Yaitu asas bimbingan dan konseling yang menunjuk pada tujuan umum bimbingan dan konseling, yakni: konseli (konseli) sebagai sasaran pelayanan bimbingan dan konseling diharapkan menjadi konseli-konseli yang mandiri dengan ciri-ciri mengenal dan menerima diri sendiri dan lingkungannya, mampu mengambil keputusan, mengarahkan serta mewujudkan diri sendiri. Guru pembimbing hendaknya mampu mengarahkan segenap pelayanan bimbingan dan konseling yang diselenggarakannya bagi berkembangnya kemandirian konseli. Dengan demikian siswa dapat memecahkan masalah yang sedang dihadapi tanpa bergantung dengan orang lain.

  • Asas Keharmonisan

Yaitu asas bimbingan dan konseling yang menghendaki agar segenap pelayanan dan kegiatan bimbingan dan konseling didasarkan pada dan tidak boleh bertentangan dengan nilai dan norma yang ada, yaitu nilai dan norma agama, hukum dan peraturan, adat istiadat, ilmu pengetahuan, dan kebiasaan yang berlaku. Bukanlah pelayanan atau kegiatan bimbingan dan konseling yang dapat dipertanggungjawabkan apabila isi dan pelaksanaannya tidak berdasarkan nilai dan norma yang dimaksudkan itu. Lebih jauh, pelayanan dan kegiatan bimbingan dan konseling justru harus dapat meningkatkan kemampuan konseli (konseli) memahami, menghayati, dan mengamalkan nilai dan norma tersebut.

  • Asas Kekinian

Yaitu asas bimbingan dan konseling yang menghendaki agar objek sasaran pelayanan bimbingan dan konseling ialah permasalahan konseli (konseli) dalam kondisinya sekarang. Pelayanan yang berkenaan dengan “masa depan atau kondisi masa lampau pun” dilihat dampak dan/atau kaitannya dengan kondisi yang ada dan apa yang diperbuat sekarang sehingga siswa akan lebih berpikir ke depan dan berusaha memperbaiki semua yang ada demi masa depan yang lebih baik.

  • Asas Keterpaduan

Yaitu asas bimbingan dan konseling yang menghendaki agar berbagai pelayanan dan kegiatan bimbingan dan konseling, baik yang dilakukan oleh guru pembimbing maupun pihak lain, saling menunjang, harmonis, dan terpadu. Untuk ini kerja sama antara guru pembimbing dan pihak-pihak yang berperan dalam penyelenggaraan pelayanan bimbingan dan konseling perlu terus dikembangkan. Koordinasi segenap pelayanan/kegiatan bimbingan dan konseling itu harus dilaksanakan dengan sebaik-baiknya.

  • Asas Keahlian

Yaitu asas bimbingan dan konseling yang menghendaki agar pelayanan dan kegiatan bimbingan dan konseling diselenggarakan atas dasar kaidah-kaidah profesional. Dalam hal ini, para pelaksana pelayanan dan kegiatan bimbingan dan konseling hendaklah tenaga yang benar-benar ahli dalam bidang bimbingan dan konseling. Keprofesionalan guru pembimbing harus terwujud baik dalam penyelenggaraan jenis-jenis pelayanan dan kegiatan dan konseling maupun dalam penegakan kode etik bimbingan dan konseling.

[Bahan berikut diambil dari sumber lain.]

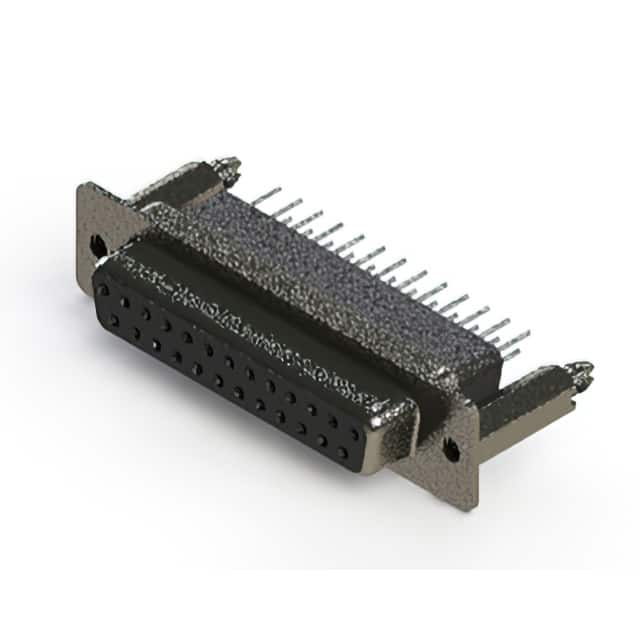 628-025-361-276 CONN D-SUB RCPT 25POS VERT SLDR
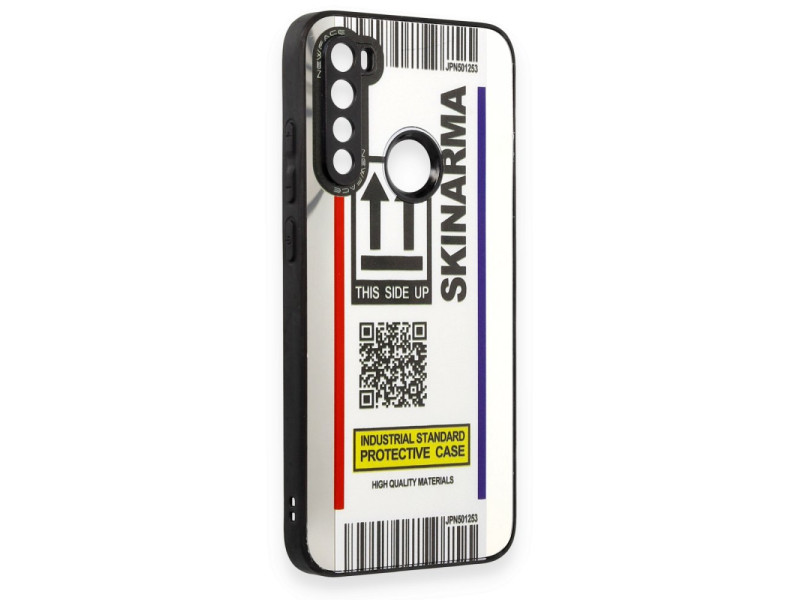 Newface Xiaomi Redmi Note 8 Kılıf Mirror Desenli Kapak - Mirror - 7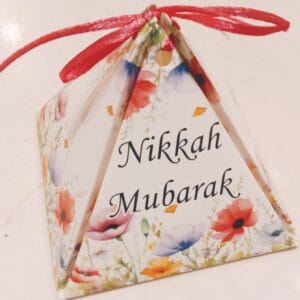 Triangle Style Bid Boxes (50 Pcs)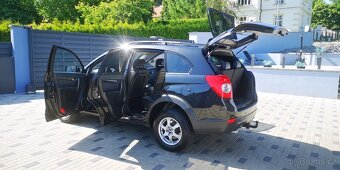 Chevrolet Captiva 2,0 VCDi - 16V - 110kw. . 4X4 - 7 MÍSTNÉ - 9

  • Asas Alih Tangan Kasus

Yaitu asas bimbingan dan konseling yang menghendaki agar pihak-pihak yang tidak mampu menyelenggarakan pelayanan bimbingan dan konseling secara tepat dan tuntas atas suatu permasalahan konseli (konseli) mengalihtangankan permasalahan itu kepada pihak yang lebih ahli. Guru pembimbing dapat menerima alih tangan kasus dari orang tua, guru-guru lain, atau ahli lain ; dan demikian pula guru pembimbing dapat mengalihtangankan kasus kepada guru mata pelajaran/praktik dan lain-lain sehingga pelaksanaan bimbingan dan konseling ini dapat berjalan sebagaimana mestinya dan siswa dapat memperoleh hasil yang sesuai dan tidak terjadi kesalahan dalam pelaksanaan bimbingan dan konseling.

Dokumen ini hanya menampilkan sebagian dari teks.